If you have read our credit report primer called “Credit Reports: Your Financial DNA,” then you understand how your credit score is calculated and how important it is during the mortgage adjudication process. What you may not yet know is that there are ways to improve your credit score that don’t involve guys in trench coats or hacking into databases. Put a different way, you may be inadvertently hurting your score with the decisions you make regarding credit. Here are eight tips for putting your best credit foot forward.
1. First and foremost, check your credit report. You can get a summary report for free, or pay a small amount for the full version, and then you’ll see what the lenders see. If your FICO score is 680 or higher, you’re in good shape. Anything less than that and you should consider the tips I offer below. (Here are links to Equifax and Transunion if you want to order a copy of your report.)
2. Pay your bills on time. Setting up automatic payments using your chequing account or credit card is a good way to make sure you don’t accidentally miss a due date.
3. Keep your credit card balance well below your account limit. Most people don’t realize that spending up to their limit every month will hurt their score, even if they pay in full each month. There are two ways to address this: spend less or get your limit raised. In fact, raising your limit, if you qualify, is one of the easiest ways to help your credit score.
4. Use it. Lenders want to see an active history on your file so try to use your credit a little each month (not a problem for most of us!) and your score will be better for it.

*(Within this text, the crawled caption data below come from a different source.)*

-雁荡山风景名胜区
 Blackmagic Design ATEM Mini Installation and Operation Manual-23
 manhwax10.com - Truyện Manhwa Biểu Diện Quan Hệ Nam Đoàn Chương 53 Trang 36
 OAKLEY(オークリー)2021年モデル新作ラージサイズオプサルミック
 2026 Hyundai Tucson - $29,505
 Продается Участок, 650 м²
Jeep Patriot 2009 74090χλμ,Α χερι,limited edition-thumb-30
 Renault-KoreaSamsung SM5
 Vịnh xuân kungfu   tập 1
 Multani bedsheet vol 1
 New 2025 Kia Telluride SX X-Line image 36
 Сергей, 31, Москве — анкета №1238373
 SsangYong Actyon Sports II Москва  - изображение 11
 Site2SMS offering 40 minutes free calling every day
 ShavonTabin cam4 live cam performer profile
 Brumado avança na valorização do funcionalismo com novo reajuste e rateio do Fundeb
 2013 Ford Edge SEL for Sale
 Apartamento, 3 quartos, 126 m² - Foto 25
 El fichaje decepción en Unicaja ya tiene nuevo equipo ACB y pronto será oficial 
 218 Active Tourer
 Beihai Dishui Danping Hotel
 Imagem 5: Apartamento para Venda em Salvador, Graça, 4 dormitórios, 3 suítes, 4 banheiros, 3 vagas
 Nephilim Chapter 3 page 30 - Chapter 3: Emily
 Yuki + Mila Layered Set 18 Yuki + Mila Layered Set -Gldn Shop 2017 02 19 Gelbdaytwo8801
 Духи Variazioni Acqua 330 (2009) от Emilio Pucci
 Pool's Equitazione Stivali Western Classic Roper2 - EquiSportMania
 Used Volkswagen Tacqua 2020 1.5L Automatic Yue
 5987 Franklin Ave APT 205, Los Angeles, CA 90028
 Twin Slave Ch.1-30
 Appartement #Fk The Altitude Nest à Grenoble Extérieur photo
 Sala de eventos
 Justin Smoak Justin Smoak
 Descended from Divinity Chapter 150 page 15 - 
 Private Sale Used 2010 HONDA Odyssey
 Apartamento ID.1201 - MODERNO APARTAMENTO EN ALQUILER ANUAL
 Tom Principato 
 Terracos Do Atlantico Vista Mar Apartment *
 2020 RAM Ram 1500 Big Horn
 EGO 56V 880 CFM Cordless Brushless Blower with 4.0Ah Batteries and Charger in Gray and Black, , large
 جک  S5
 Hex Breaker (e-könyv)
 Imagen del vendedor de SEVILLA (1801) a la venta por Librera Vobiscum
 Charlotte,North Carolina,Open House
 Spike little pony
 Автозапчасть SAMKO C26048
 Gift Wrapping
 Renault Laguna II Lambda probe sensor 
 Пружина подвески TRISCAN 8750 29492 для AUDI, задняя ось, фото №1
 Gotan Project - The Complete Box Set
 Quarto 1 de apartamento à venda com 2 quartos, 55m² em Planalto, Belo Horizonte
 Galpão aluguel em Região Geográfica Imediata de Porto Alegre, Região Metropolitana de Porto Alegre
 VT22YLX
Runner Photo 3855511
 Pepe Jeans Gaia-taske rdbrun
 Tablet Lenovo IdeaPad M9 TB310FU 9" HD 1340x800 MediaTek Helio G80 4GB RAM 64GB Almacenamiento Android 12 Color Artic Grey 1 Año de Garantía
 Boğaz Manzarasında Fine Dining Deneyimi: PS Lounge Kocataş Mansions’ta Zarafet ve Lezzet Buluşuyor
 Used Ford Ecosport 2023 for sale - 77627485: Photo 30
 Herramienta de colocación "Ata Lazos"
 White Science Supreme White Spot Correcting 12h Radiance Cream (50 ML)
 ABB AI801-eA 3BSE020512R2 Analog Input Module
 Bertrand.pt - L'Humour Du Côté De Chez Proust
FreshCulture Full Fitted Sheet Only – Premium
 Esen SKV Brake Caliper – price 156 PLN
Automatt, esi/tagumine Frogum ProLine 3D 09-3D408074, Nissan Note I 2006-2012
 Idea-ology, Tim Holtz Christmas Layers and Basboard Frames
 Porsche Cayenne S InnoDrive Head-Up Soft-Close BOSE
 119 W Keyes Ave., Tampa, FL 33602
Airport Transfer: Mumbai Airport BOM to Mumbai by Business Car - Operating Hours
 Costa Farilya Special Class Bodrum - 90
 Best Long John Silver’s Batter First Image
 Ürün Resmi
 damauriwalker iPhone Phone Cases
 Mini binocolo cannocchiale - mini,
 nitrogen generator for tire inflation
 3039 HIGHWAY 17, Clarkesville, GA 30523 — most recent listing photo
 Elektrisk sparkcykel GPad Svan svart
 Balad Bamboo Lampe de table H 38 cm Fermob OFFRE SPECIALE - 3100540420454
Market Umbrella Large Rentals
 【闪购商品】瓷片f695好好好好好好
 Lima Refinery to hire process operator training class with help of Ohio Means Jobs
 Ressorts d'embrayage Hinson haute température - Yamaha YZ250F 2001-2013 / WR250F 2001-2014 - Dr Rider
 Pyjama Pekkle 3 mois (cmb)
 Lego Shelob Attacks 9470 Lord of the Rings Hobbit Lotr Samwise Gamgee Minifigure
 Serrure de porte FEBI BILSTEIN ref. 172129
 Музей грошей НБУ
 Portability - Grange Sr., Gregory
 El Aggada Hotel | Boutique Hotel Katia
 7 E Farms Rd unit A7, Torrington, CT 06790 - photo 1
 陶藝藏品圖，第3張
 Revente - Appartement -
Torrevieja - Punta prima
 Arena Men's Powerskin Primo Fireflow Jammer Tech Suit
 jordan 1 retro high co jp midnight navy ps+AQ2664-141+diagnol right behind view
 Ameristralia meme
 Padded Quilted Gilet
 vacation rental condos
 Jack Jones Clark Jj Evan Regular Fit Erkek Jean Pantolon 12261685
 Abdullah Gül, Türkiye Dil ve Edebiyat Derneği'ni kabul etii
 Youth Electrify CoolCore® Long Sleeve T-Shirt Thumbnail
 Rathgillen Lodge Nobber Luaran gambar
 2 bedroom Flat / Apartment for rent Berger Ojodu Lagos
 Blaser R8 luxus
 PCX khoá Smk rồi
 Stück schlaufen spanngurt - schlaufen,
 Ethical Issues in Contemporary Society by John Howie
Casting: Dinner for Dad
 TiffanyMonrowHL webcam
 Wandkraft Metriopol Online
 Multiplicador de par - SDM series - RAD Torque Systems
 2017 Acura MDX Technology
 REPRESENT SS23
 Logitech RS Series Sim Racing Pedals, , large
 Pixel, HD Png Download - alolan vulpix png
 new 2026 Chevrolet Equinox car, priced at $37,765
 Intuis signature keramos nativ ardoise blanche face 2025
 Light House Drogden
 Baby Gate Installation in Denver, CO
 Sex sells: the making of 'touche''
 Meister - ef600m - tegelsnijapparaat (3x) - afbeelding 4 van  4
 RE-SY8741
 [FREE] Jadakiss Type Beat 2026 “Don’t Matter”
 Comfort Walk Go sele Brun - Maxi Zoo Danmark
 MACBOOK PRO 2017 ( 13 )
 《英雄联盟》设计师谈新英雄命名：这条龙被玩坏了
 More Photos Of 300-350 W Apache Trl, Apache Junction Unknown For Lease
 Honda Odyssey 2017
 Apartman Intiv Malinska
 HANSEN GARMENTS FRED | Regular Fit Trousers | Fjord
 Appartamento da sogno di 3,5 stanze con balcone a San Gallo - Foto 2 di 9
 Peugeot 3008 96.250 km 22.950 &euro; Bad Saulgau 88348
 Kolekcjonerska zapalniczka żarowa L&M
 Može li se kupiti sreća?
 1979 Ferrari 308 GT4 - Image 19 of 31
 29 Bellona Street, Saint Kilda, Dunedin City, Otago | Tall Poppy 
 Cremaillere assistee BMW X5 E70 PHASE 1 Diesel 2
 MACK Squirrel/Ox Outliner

5. If you can’t pay the full amount, especially on credit cards, make very sure you pay at least the minimum. Also, if you’re falling behind, try calling the creditor and explaining your situation. You might be able to work out a deal whereby you can delay some of the payment without their filing a late payment on your credit report. The worst thing you can do is miss your payment date and say nothing.
6. Don’t apply for credit all over town, especially if you have limited and/or newer credit. While the hit to your credit score will vary depending on your overall profile, a flurry of credit application activity will temporarily impact your score (this impact is reduced as time passes, provided that you don’t keep applying).
7. Beware of having too many credit lines. If you have a series of small loans it can hurt your score because a) it looks like your cobbling together any credit you can get your hands on and b) lenders will worry that you could end up in a position where you have borrowed more than you can pay back. The best way to avoid this is to consolidate your debt into one large loan (refinancing an existing mortgage is one way to do this).
8. If you are disputing a charge from a creditor (cell phone companies and gyms come to mind), make sure that you submit a brief statement to Equifax and/or Transunion explaining your side of the story. This submission will be added to your file. Doing this won’t get the charge removed but if your credit is otherwise good, it makes your explanation that the blemish is due to a dispute, and not based on an inability to pay, more believable to lenders.
Follow these tips and your credit score will thank you (if it could talk, that is).